__TASK STATEMENT__:
Images excluded, return every record exactly as it reads.
DATA FOR REVIEW section start
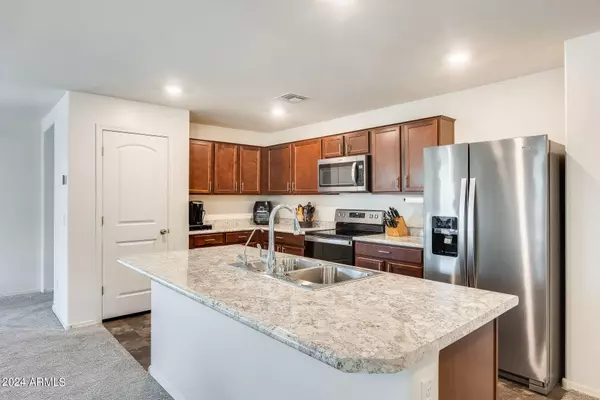 5625 S 30TH Glen, Phoenix, AZ 85041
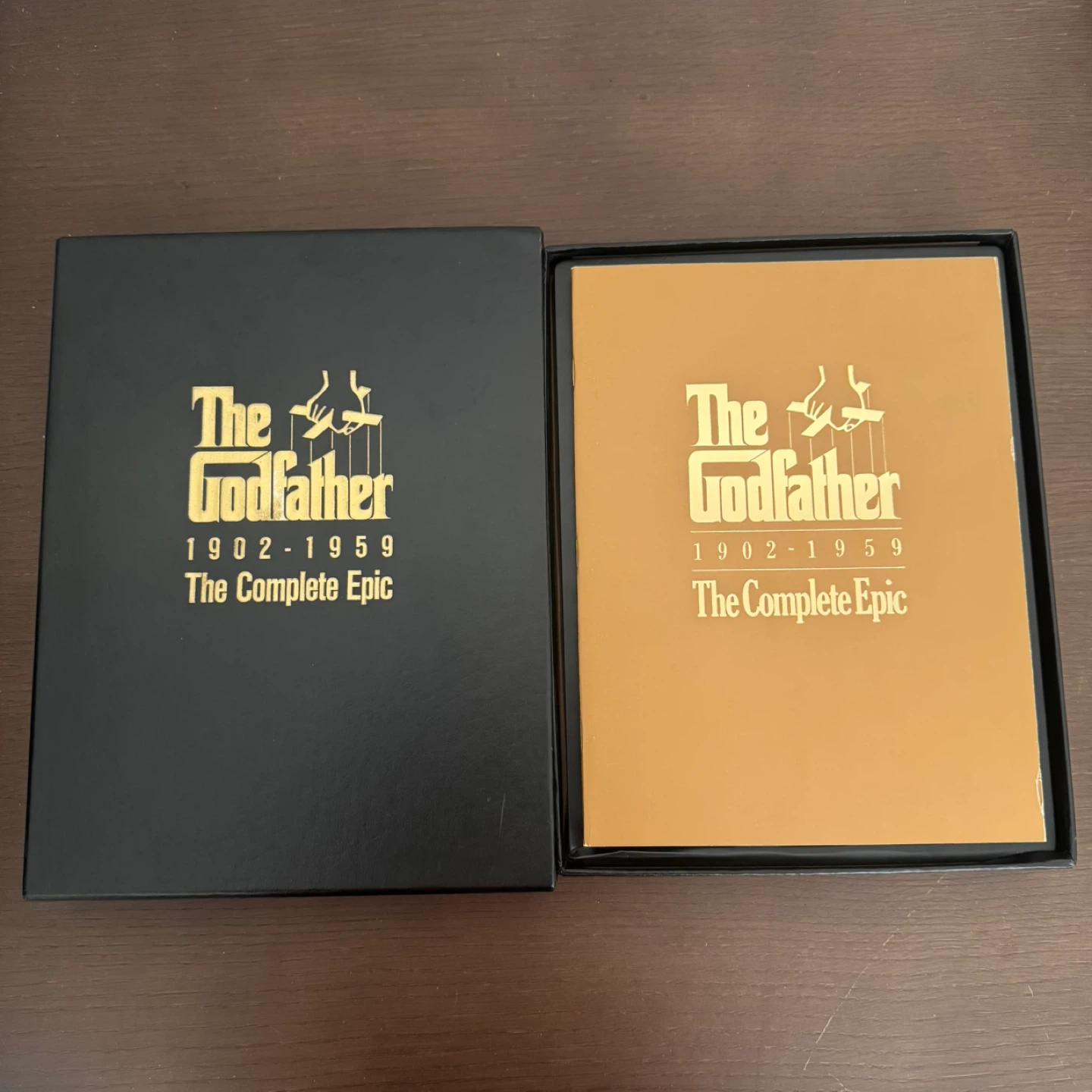 The Godfather 1902-1959 The Complete Epic VHS Set 🏈 - photo 4
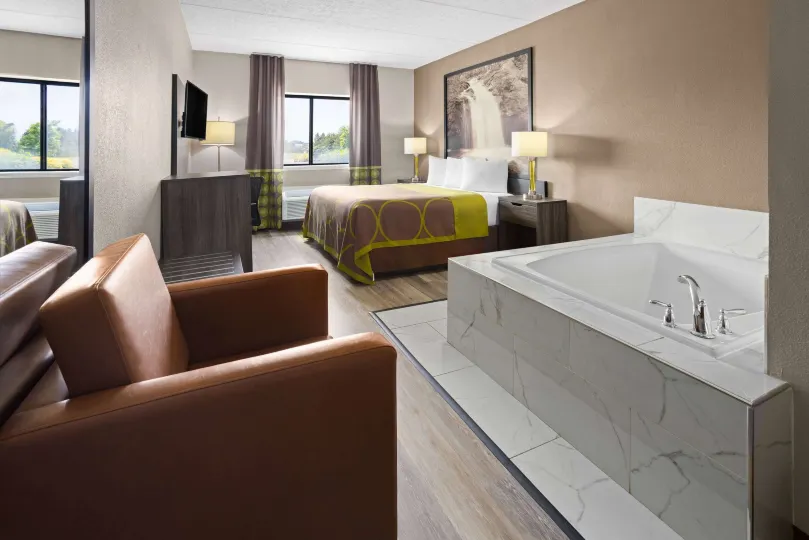 Super 8 by Wyndham Henrietta/Rochester Area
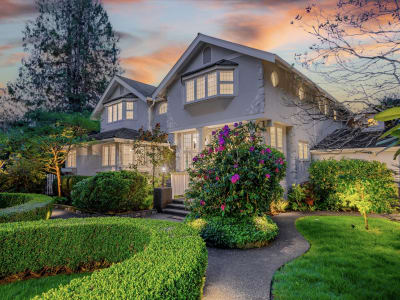 Luxury estate at West Vancouver, BC, BC — photo 1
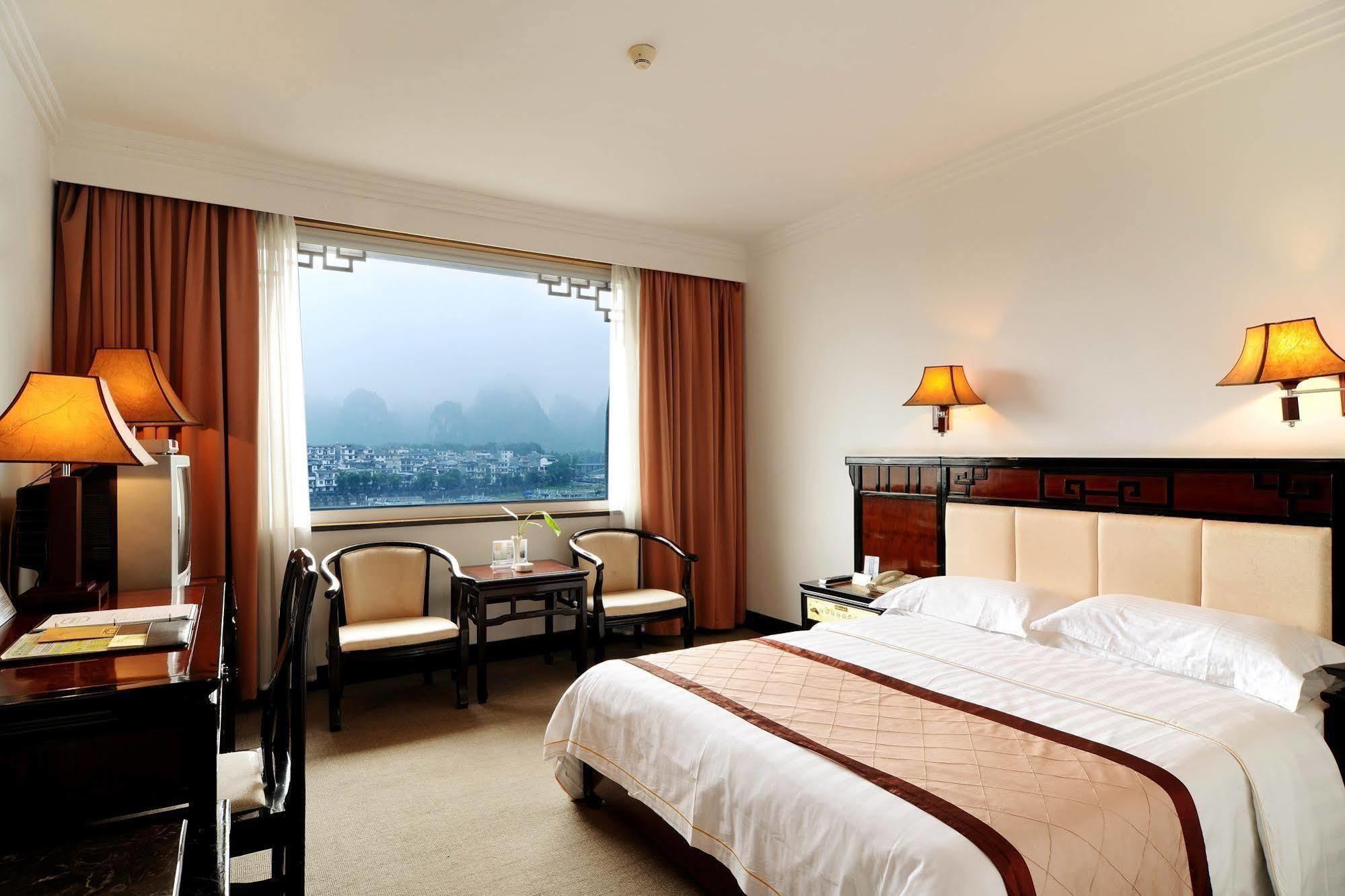 Sovereign Hotel Yangshuo Guilin Luaran gambar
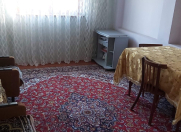 İcarəyə verilir 3 otaqlı 80 m2 köhnə tikili Nəriman Nərimanov m.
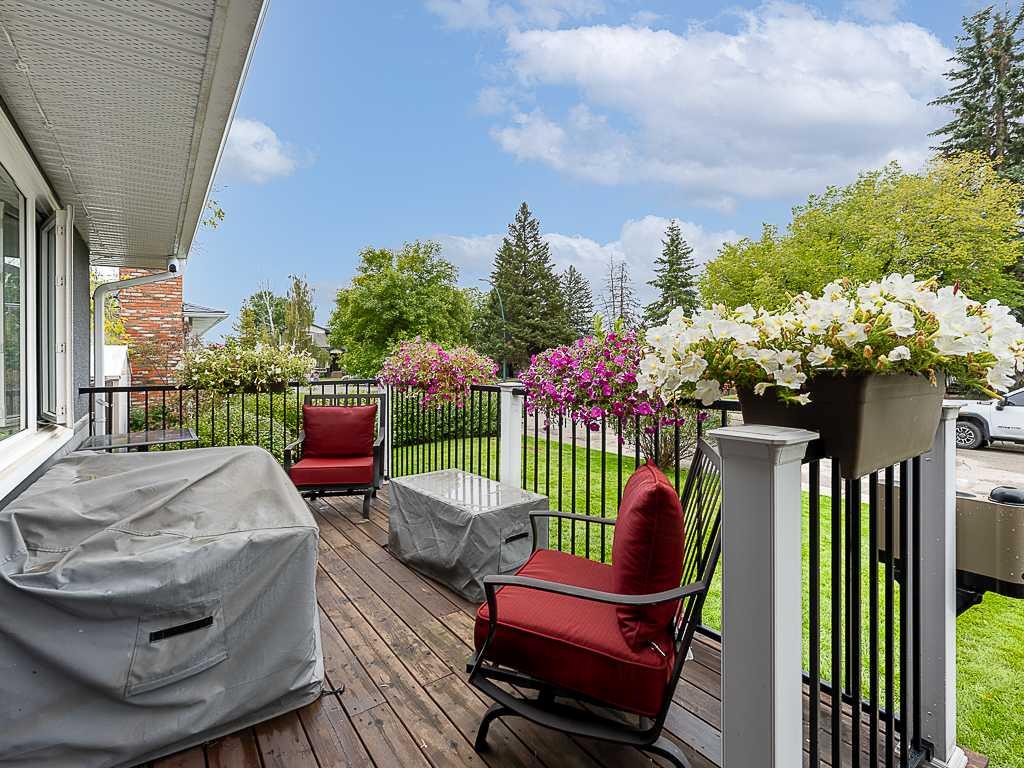 Third View of 44 Winchester Crescent SW, Westgate, Calgary, Alberta, T3C 2T8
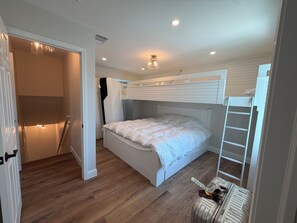 4 bedrooms, desk, iron/ironing board, free WiFi - Mirabella - 6630   “Siesta Key” (Sarasota)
DATA FOR REVIEW section end
__TASK ANSWER__:
 5625 S 30TH Glen, Phoenix, AZ 85041
 The Godfather 1902-1959 The Complete Epic VHS Set 🏈 - photo 4
 Super 8 by Wyndham Henrietta/Rochester Area
 Luxury estate at West Vancouver, BC, BC — photo 1
 Sovereign Hotel Yangshuo Guilin Luaran gambar
 İcarəyə verilir 3 otaqlı 80 m2 köhnə tikili Nəriman Nərimanov m.
 Third View of 44 Winchester Crescent SW, Westgate, Calgary, Alberta, T3C 2T8
 4 bedrooms, desk, iron/ironing board, free WiFi - Mirabella - 6630   “Siesta Key” (Sarasota)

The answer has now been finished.